▸ **PROBLEM DETAILS**
Reprint all records below exactly. No images.

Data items

▼

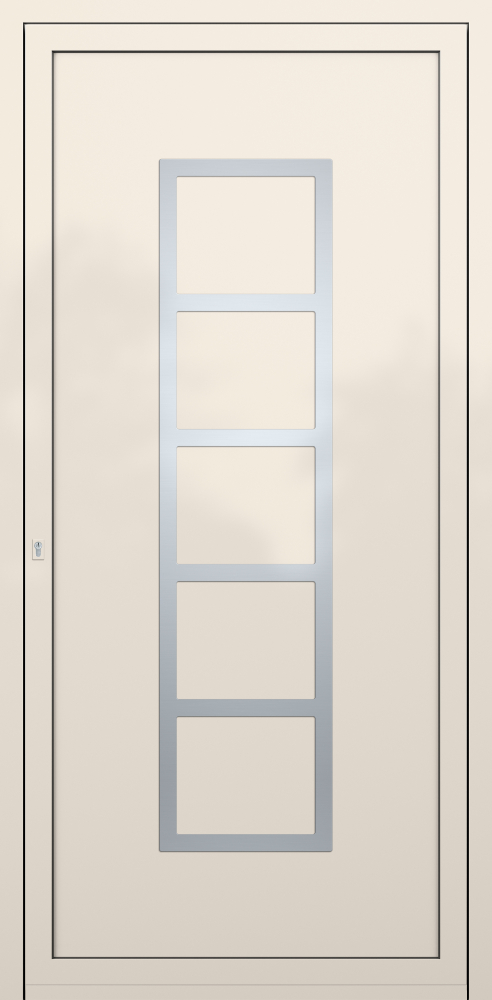 Visual Products Configurator option image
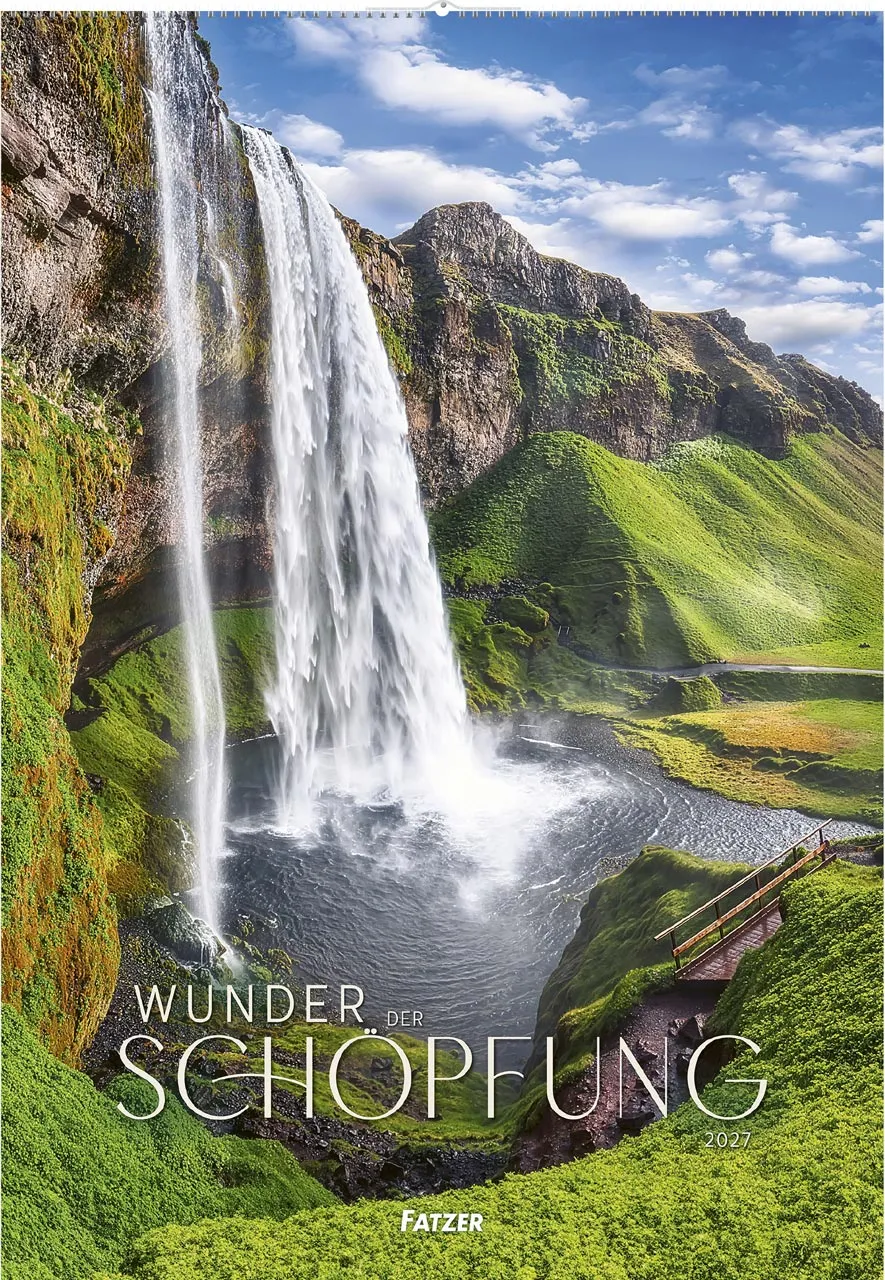 fontis-kalender-wunder-der-sch-pfung-2027-posterkalender-48x68 image 1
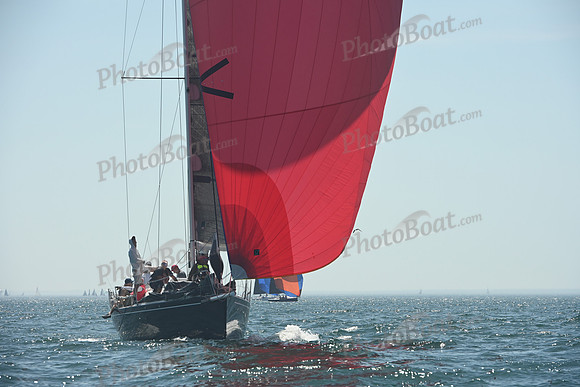 2025 Block Island Race Week C_1315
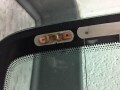 oem-porsche-911-993-rear-glass-rear-window-tinted-small-4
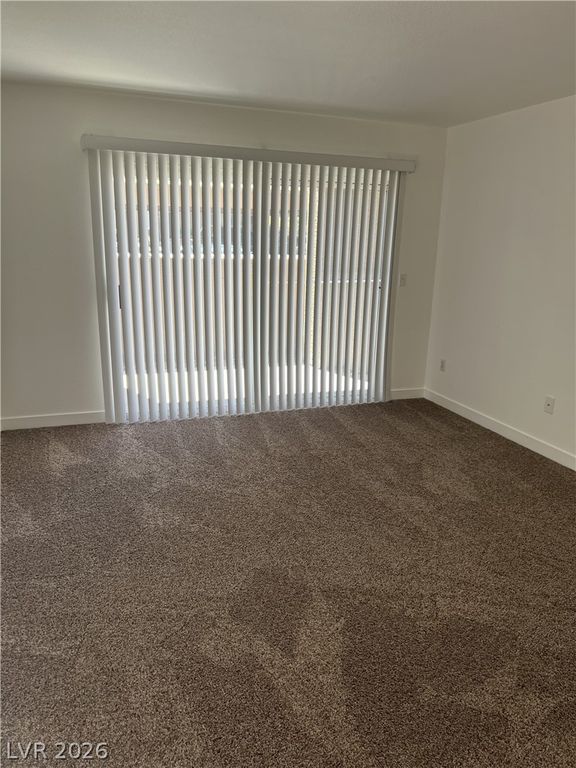 8070 West Russell Road 1057, Las Vegas, NV 89113 — photo 3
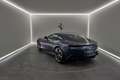 Ferrari Roma Blu Roma / Bordeaux Interior / Ferrari Approved Bleu - thumbnail 5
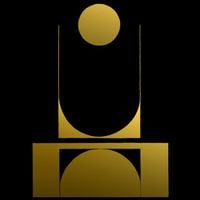 Afrikan Sciences - Circuitous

▲

▸ **ANSWER TO THE EXERCISE**
 Visual Products Configurator option image
 fontis-kalender-wunder-der-sch-pfung-2027-posterkalender-48x68 image 1
 2025 Block Island Race Week C_1315
 oem-porsche-911-993-rear-glass-rear-window-tinted-small-4
 8070 West Russell Road 1057, Las Vegas, NV 89113 — photo 3
 Ferrari Roma Blu Roma / Bordeaux Interior / Ferrari Approved Bleu - thumbnail 5
 Afrikan Sciences - Circuitous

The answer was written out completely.